Women in the South-West region receive training on how to alleviate the effects of climate change.
The Federal Government organized this training and it took place in Oyo state on Monday, the 14th of February.
The training was declared open by the Minister of Agriculture and Rural Development, Dr Mohammad Abubakar.
Leaders and representatives of women farmers in Oyo, Ogun, Osun, Ekiti, Ondo and Lagos states were present at the occasion.
The purpose of the training was to enhance and expose participants to climate change adaptation and mitigation strategies.
The Minister of Agriculture said it would also help the women to build and enhance their resilience to the threat and impact of climate in agricultural production.
“The available statistics indicate that women smallholder farmers constitute about 80 per cent of the labour force involved in agricultural production and grow the bulk of the food for domestic consumption in Nigeria.

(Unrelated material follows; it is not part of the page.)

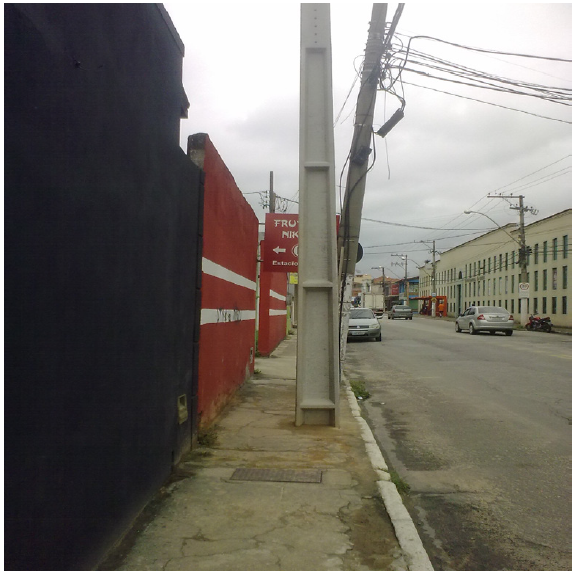 Poste em local inadequado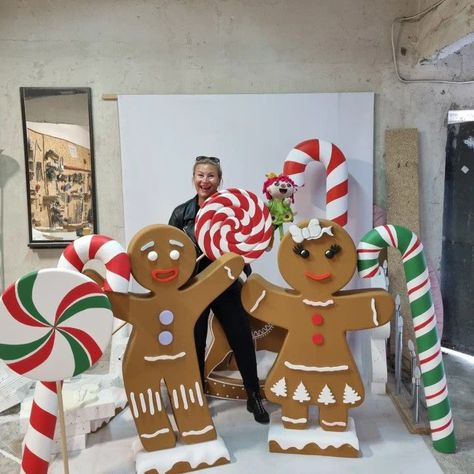 Diy Gingerbread Decorations Outside, Big Gingerbread Man, Big Christmas Decorations, Bedroom Christmas Decorations, Giant Gingerbread Man, Christmas Decor Bedroom, Ideas Christmas Decoration, Decoration Ideas Christmas, Marin Art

“Overall, they constitute about 43 per cent of the agricultural labour force in the developing countries.
“Yet, they face various challenges and needs, especially in the area of climate change, access to inputs and credit as well as information and technology, which should not be overlooked,” he said.
Abubakar, represented by the Zonal Director of the ministry in the zone, Mrs Omolara Oguntuyi, urged the participants to transfer the knowledge gained in the workshop to their various locations and translate them into their agricultural practices.
In a remark, the Director of Special Duties in the ministry, Mrs Fausat Lawal, said the programme would enable smallholder women farmers to address the impact of climate change in line with Sustainable Development Goal No. 13.
Lawal, represented by the Head of Gender Unit, Mrs Ifeoma Anyanwu, said the workshop was geared towards addressing women’s challenges.
“And because of dependence on natural resources, their products are disproportionately affected by adverse weather conditions caused by climate change.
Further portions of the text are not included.